> _PROBLEM STATEMENT_:
Lines from the one with "Gelandang Manchester United, Paul" up to and including the one with "Personalized Card Holder" are to be copied exactly from the records below, without their pictures.

> _SOURCE DATA_:
--------------------------------

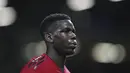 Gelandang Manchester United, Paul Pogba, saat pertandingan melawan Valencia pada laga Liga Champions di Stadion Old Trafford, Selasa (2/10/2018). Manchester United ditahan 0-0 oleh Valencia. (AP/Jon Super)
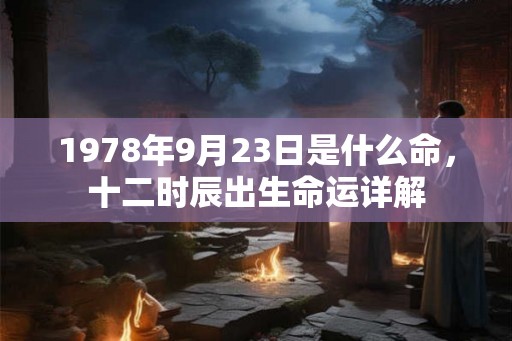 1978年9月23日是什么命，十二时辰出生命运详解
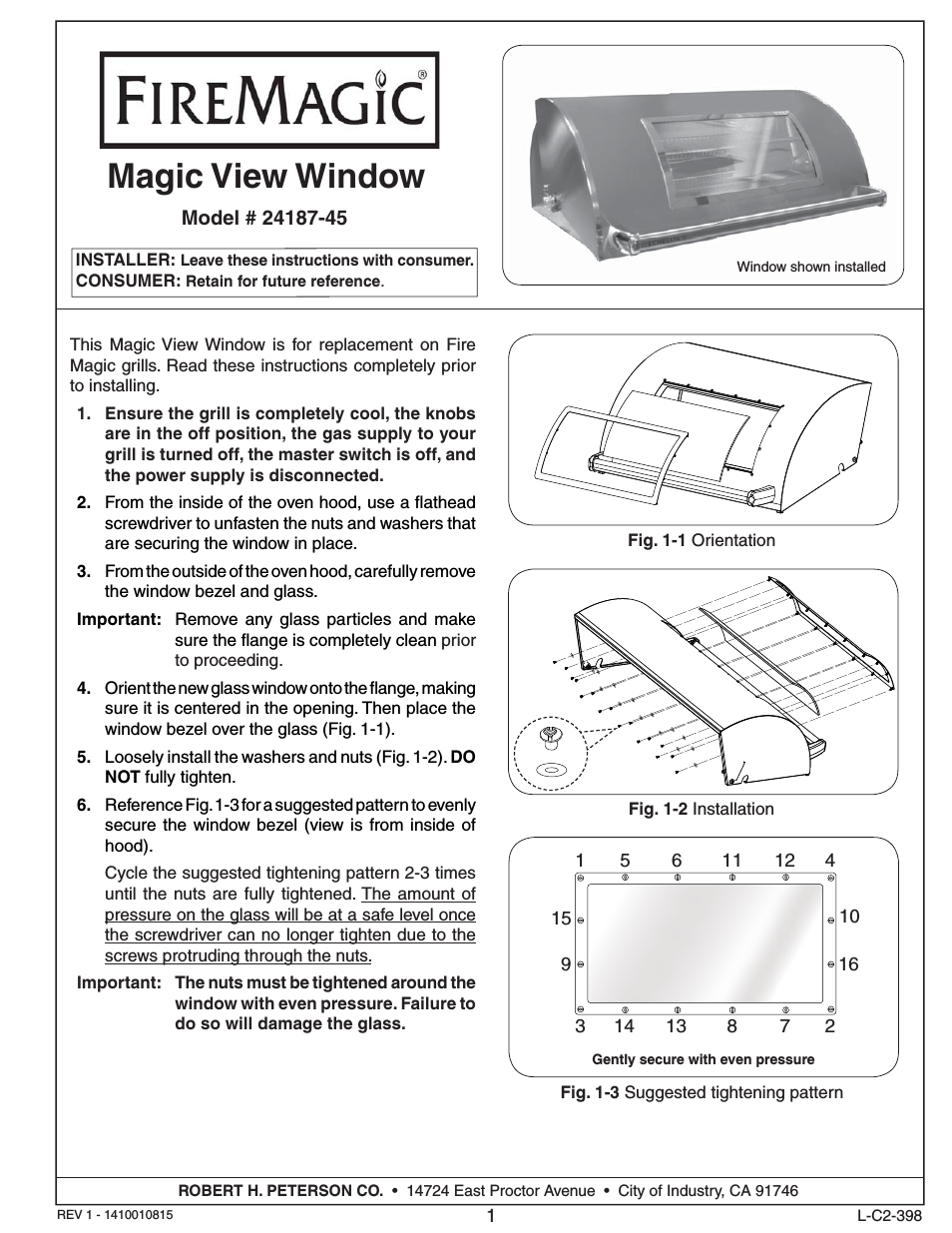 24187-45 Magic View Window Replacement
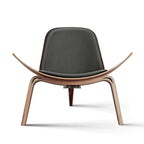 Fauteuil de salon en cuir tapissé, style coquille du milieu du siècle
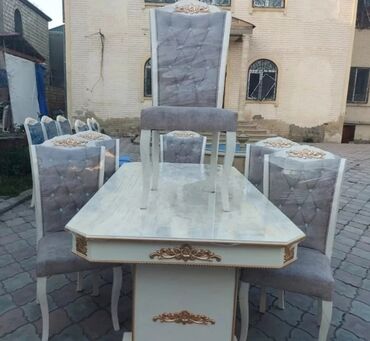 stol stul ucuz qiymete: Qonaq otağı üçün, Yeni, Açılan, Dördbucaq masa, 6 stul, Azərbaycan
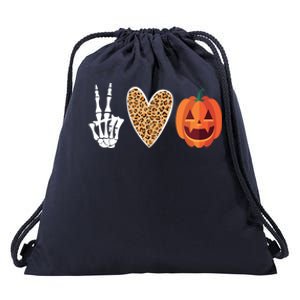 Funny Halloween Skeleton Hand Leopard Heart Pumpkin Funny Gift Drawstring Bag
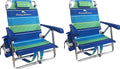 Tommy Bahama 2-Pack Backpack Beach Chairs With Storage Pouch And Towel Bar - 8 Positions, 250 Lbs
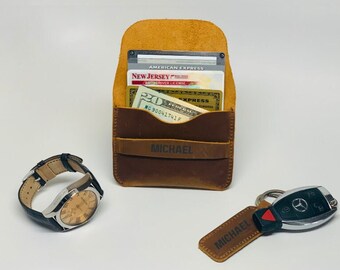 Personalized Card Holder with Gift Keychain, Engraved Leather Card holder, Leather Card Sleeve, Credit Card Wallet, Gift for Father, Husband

--------------------------------

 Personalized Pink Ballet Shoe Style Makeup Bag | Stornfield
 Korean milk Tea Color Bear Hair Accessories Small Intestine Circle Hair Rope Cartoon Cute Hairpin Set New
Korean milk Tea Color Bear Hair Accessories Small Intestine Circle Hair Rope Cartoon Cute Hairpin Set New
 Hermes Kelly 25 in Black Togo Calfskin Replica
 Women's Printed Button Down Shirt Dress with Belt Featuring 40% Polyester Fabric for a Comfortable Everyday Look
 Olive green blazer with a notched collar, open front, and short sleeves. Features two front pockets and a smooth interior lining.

--------------------------------

> _SOLUTION TO THE EXERCISE_:
 Gelandang Manchester United, Paul Pogba, saat pertandingan melawan Valencia pada laga Liga Champions di Stadion Old Trafford, Selasa (2/10/2018). Manchester United ditahan 0-0 oleh Valencia. (AP/Jon Super)
 1978年9月23日是什么命，十二时辰出生命运详解
 24187-45 Magic View Window Replacement
 Fauteuil de salon en cuir tapissé, style coquille du milieu du siècle
 stol stul ucuz qiymete: Qonaq otağı üçün, Yeni, Açılan, Dördbucaq masa, 6 stul, Azərbaycan
 Funny Halloween Skeleton Hand Leopard Heart Pumpkin Funny Gift Drawstring Bag
 Tommy Bahama 2-Pack Backpack Beach Chairs With Storage Pouch And Towel Bar - 8 Positions, 250 Lbs
 Personalized Card Holder with Gift Keychain, Engraved Leather Card holder, Leather Card Sleeve, Credit Card Wallet, Gift for Father, Husband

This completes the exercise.